Mix up kids’ and adults’ furnishings for scale and functionality

Virginia Johnson, textile designer and author of Travels Through the French Riviera, says “Designing a space that is stylish for adults yet kid-friendly doesn’t have to be a compromise.” Incorporate furniture that kids and adults can use to make everyone feel a sense of belonging. Johnson focused on creating a bookshelf that could grow with her children. “Initially the bottom shelves were outfitted to house storage bins for toys and as our children grew, they became places to store books and board games.” 

Credit: Lauren Wells

Incorporating kid-sized furniture into the main living area is another fun way to make sure everyone feels a sense of belonging. It’s much easier to find attractive, child furnishings than in the past. Lara Garcia, graphic designer and founder of The Mood Guide prefers a more calming space for adults and kids. She proposes mixing the lines of the furniture to balance out the design. “Soothing, organic shapes mixed with more serious, straight lines evoke the visual and emotional balance between childhood innocence and adult sophistication,” she says. Garcia also suggests using neutral colors, if you are looking for a more timeless feel. “I recommend using white and gray to create a space that is chic and appealing to everyone.”

Celebrate pattern and color by displaying kids’ artwork prominently

If, however, your taste leans towards bolder colors, don’t shy away from them. Wells specializes in creating spaces both children and adults can enjoy. “The space is so much more vibrant when you really celebrate everyone in the design,” she says. One simple way she proposes doing this is by hanging kids’ artwork throughout the home. If you’re concerned about the art fitting in, Wells suggests using colors that work in your home. “If all fails, give them black tempera paint cakes and a one-inch foam brush,” she adds. 

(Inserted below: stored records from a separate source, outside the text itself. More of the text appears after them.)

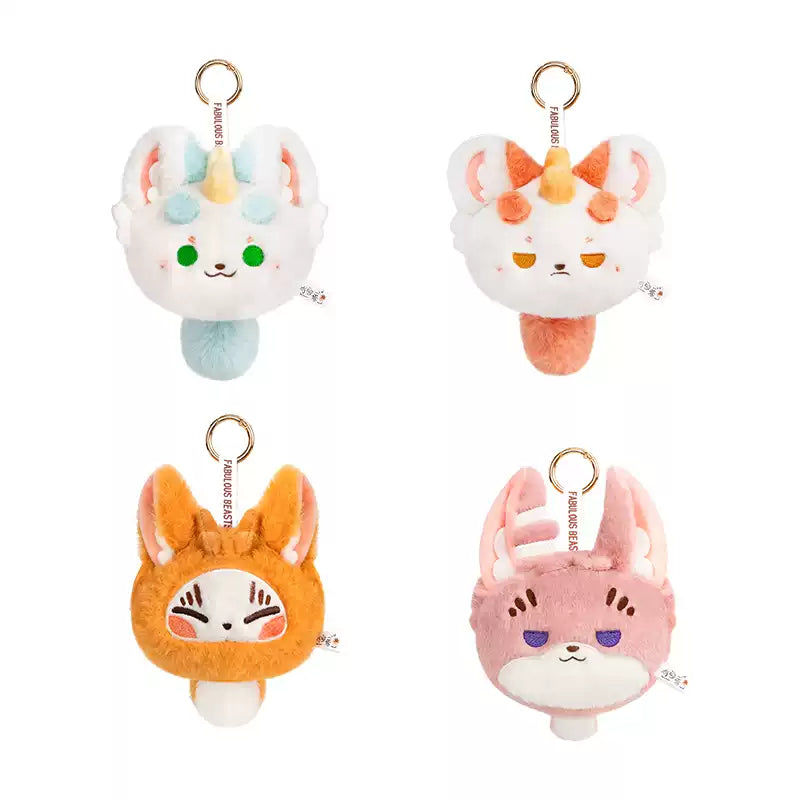 Fabulous Beasts Plush Dumpling Pendant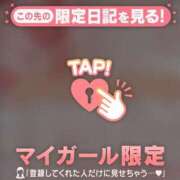 ヒメ日記 2026/03/05 13:46 投稿 七瀬みなみ ABC 岩手ソープ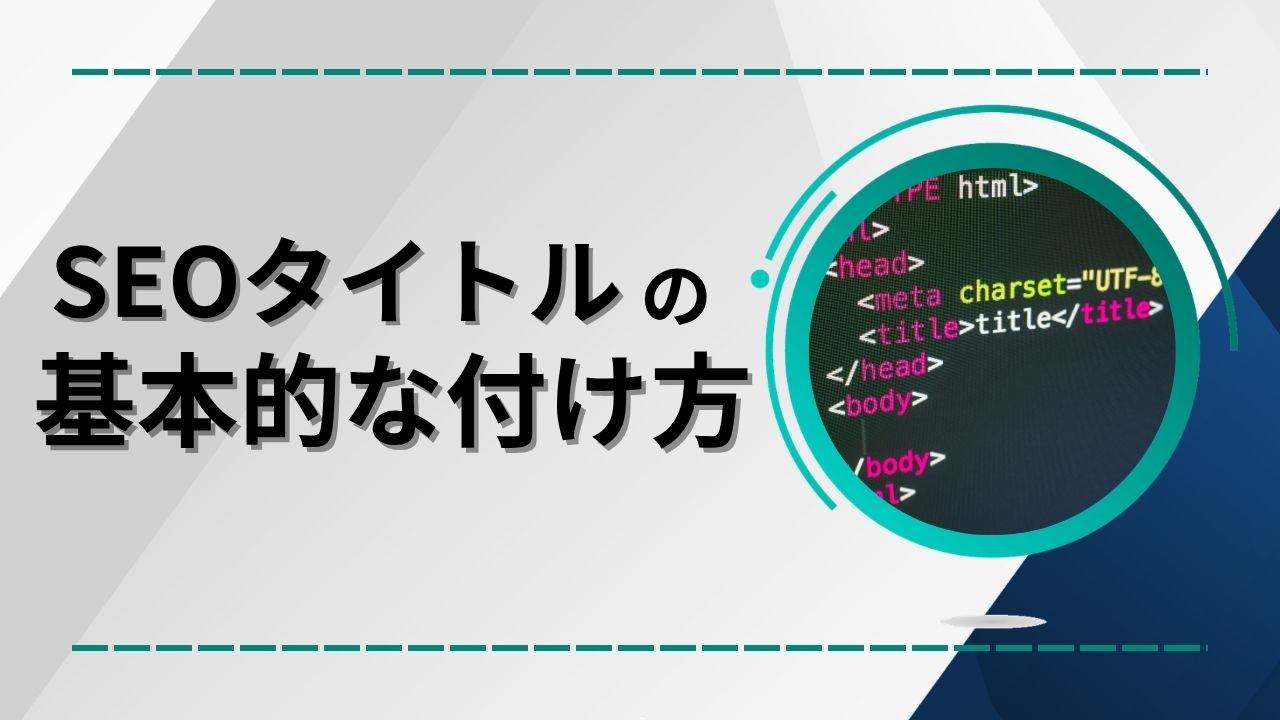 SEOタイトルの基本的な付け方のイメージ画像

For fabrics, Wells recommends using a lot of color and pattern. “[Colorful fabrics] are great not only for bringing a space to life,” she says, “but also for making stains and spills harder to see.” Johnson took a carefree approach to textiles: “I didn’t compromise … I chose colorful textiles, and they survived better than expected!”

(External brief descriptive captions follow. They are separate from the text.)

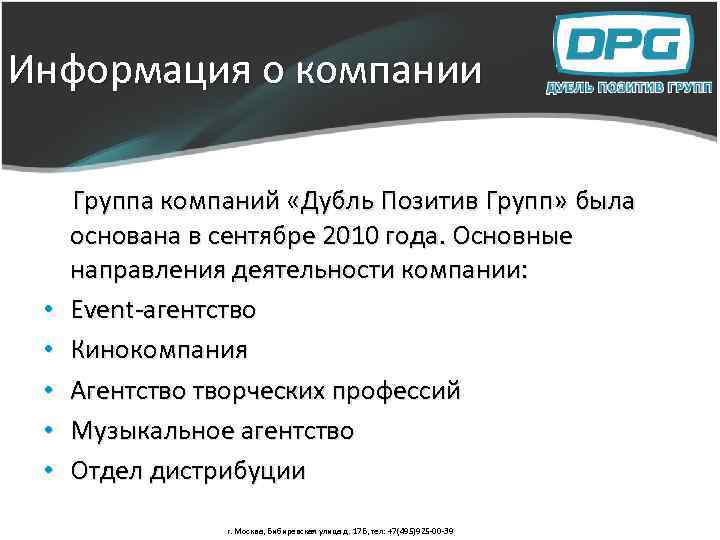 Информация о компании Группа компаний «Дубль Позитив Групп» была • • • основана в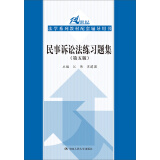 民事诉讼法练习题集（第五5版） 马工程法律黄皮书江伟北大红皮书张卫平人大蓝皮配套辅导 期末考2023法考2024考研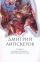 Собрание сочинений. В 5 т. Т. 4. Родичи; Русское стаккато - британской матери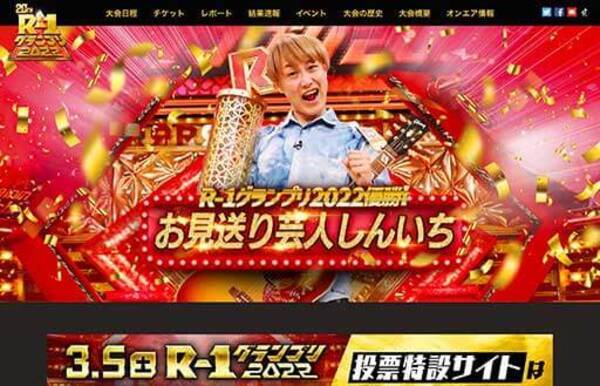 馬鹿よ貴方は新道竜巳がr 1グランプリ22決勝戦ほめ殺し 22年3月10日 エキサイトニュース 馬鹿よ貴方は新道竜巳がr 1グランプリ22決勝戦ほめ殺し 22年3月10日 エキサイトニュース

Rooms are more playful with small, unexpected elements, like — yes — plastic toys!

Johnson says, “Rooms shouldn’t take themselves too seriously.” In other words, try adding an unexpected element, such as an orange plastic dinosaur on your coffee table. Wells did just that, and says it “adds some fun and punchiness” to her living room décor. Wells doesn’t recommend displaying just any toy in the living space, but ones that blend well with the space, like baskets full of toy cars. 

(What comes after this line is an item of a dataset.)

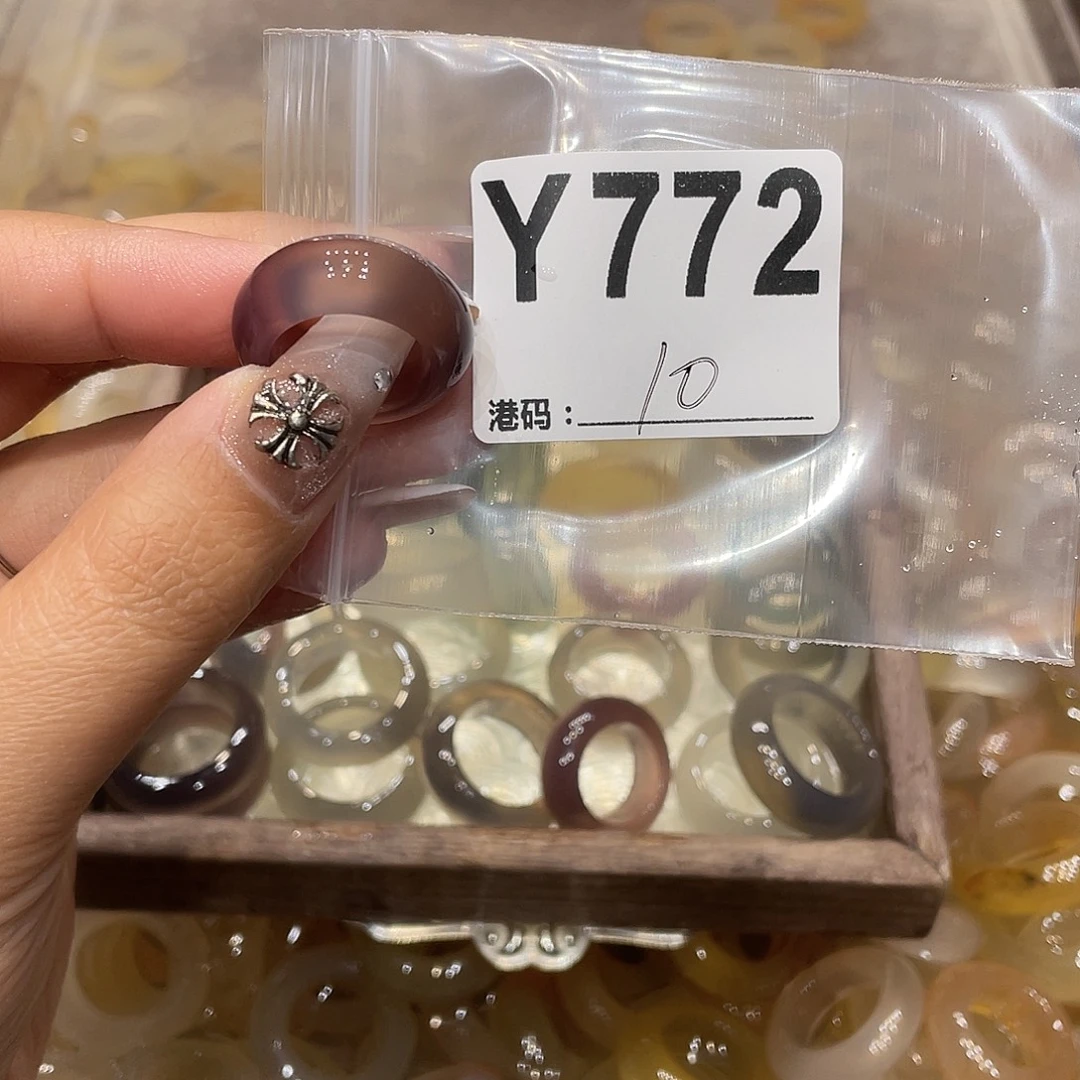 玛瑙/玉髓未镶嵌戒指772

Wells also enjoys including kids’ books on the coffee table that adults will get a kick out of too. “What adult doesn’t want to learn something about Frida Kahlo or read ‘Your Inner Critic is a Big Jerk?’” she asks.  

(Fun fact: the art hanging over the mantle in the living room was painted by Wells’ now-8-year-old son when he was 3). 

Pair the statement-making luxe items with more affordable, basic ones

As parents, we want our rooms to look nice and yet be affordable, right? Wells recommends strategizing about saving and splurging. She suggests spending more on certain kids’ furnishings if it will be part of the living space; and pairing it with something more affordable, like the small table that goes with the pricier, statement-making bunny chairs in her own home. “You can also buy modestly priced lamps, and spend more money on lampshades,” says Wells.  

Be cautious with breakables — but not too precious

When considering what to do about breakable items, Wells offers, “You can have breakable things, but put them up higher on a mantle or on display shelves.” All in all, she warns against comparing your home to perfectly styled homes seen in magazines. “Our homes aren’t going to be perfect .… That’s a sign of a life being lived. Have a sense of humor and embrace imperfection. The images you see online are styled for a photo shoot.”